The book was supposed to answer questions—about the Holocaust, about Israel, about Jerusalem. He didn’t want to have to explain it—or himself. And as far as he was concerned, that was the publisher’s problem, not his.

“Avram,” Carey suddenly said, thinking he might have understood. “Are you afraid? Is that it?”

“Don’t be ridiculous,” Lassman jumped in to defend Cohen. “Cohen? Afraid?”

Cohen snapped his fingers at his translator, silencing him. “Of what?” he asked Carey, challenging the editor.

Carey shrugged. “I don’t know. Cameras? Microphones?

Fame? I mean, are you the same Avram Cohen who wrote Tear can be, must be conquered by willpower’?”

“Carey!” Tina exclaimed, offended for Cohen’s sake.

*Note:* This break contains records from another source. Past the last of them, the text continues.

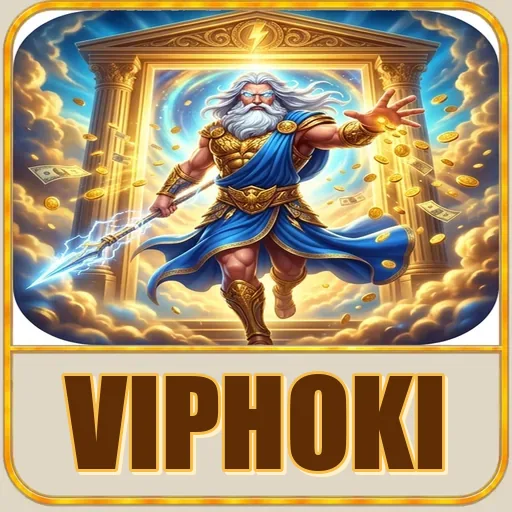 Gambar verifikasi keamanan akun masuk & daftar viphoki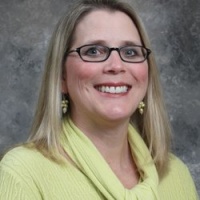 Lisa A Easton-hummel ARNP, Nurse Practitioner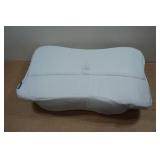 Memory Foam Cervical Pillow
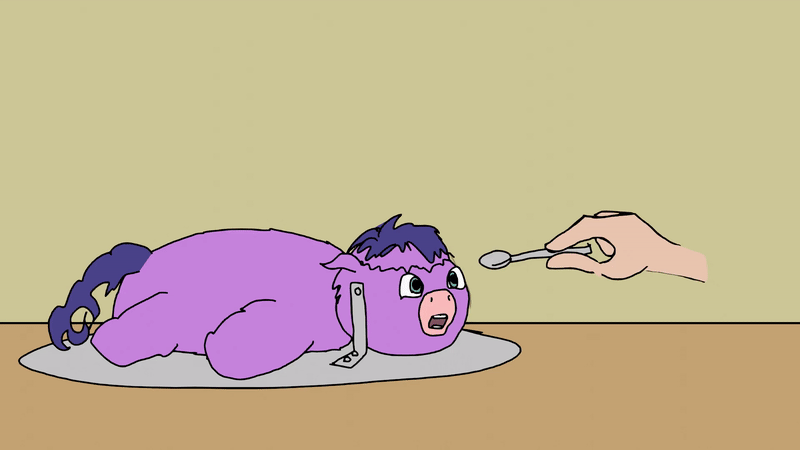 ezgif.com-video-to-gif (78)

“It’s all right, Tina,” Cohen said softly, keeping his eyes on the editor.

Carey had learned a lot about Cohen during the months they worked on the manuscript. They had never met face-to face, but as Cohen thought back on the time since they had first met on the phone, him stumbling over the name Mccloskey, and Carey laughing and saying “just call me Carey, and I’ll call you Avram,” Cohen realized that Carey knew a lot more about him than he did about the young American. Maybe Carey’s right, he thought. Maybe. He might have admitted it, if Frank Kaplan had not at that moment been pushed into the alcove by the same little fat man Carey had gone off with while they waited for Lassman.

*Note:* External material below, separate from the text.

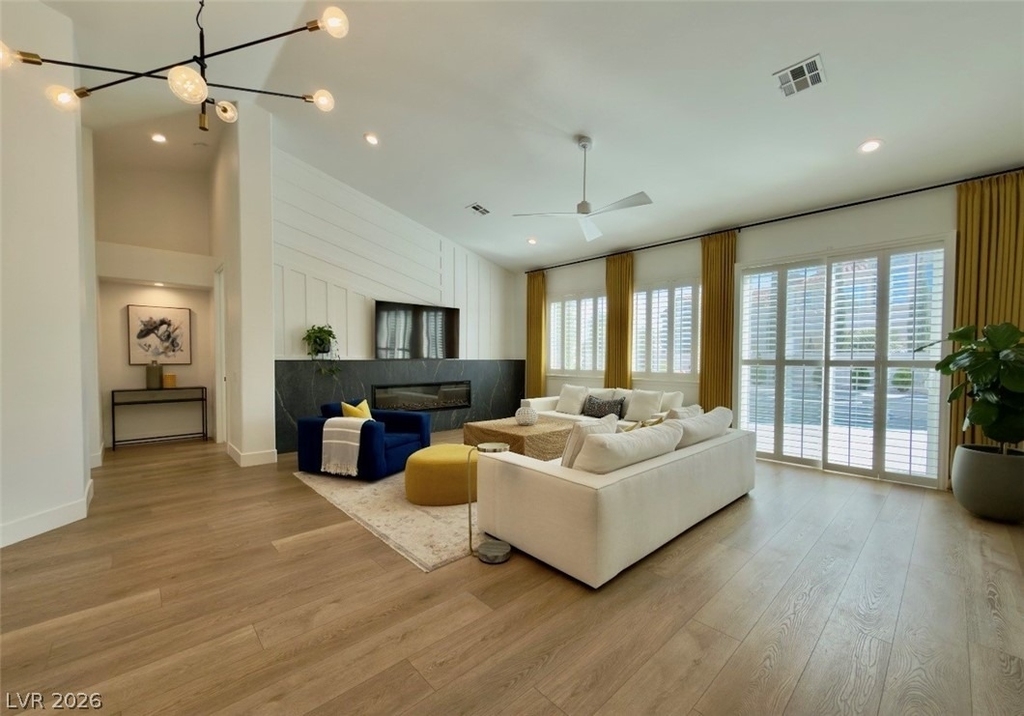 1524 Breeze Canyon Drive - Photo 4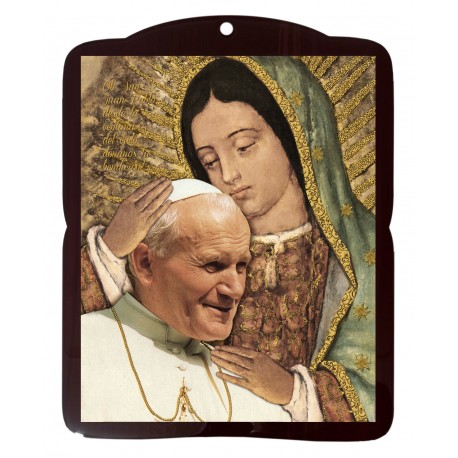 20DEL57 Yo estoy con ustedes ORO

Kaplan loudly gave an order to park him facing Cohen.

The little fat man quickly abandoned the wheelchair and stood beside Carey, who could do nothing to hide the expression of amazement on his face as the old author growled at Cohen, “I owe you an apology. Let me buy you a drink.”

Before he could answer, a photographer following Kaplan into the alcove flashed a snap in his eyes, unexpectedly blinding Cohen for a second. He naturally shaded his eyes with his hand. “Of course, you owe me one, too,” Kaplan added with a wry smile.

Cohen dropped his hand. A moment before, while Kaplan maneuvered into position beside Cohen, Tina had been grinning—nervously—from ear to ear. Suddenly, she looked worried.

Carey leaned back in his chair, arms crossed against his chest, studying Kaplan, who was patting Cohen on the shoulder as if they were old friends. The photographer remained poised, waiting for action to capture.

Cohen sighed. “You don’t owe me an apology.” “I’m glad to hear that,” Kaplan said.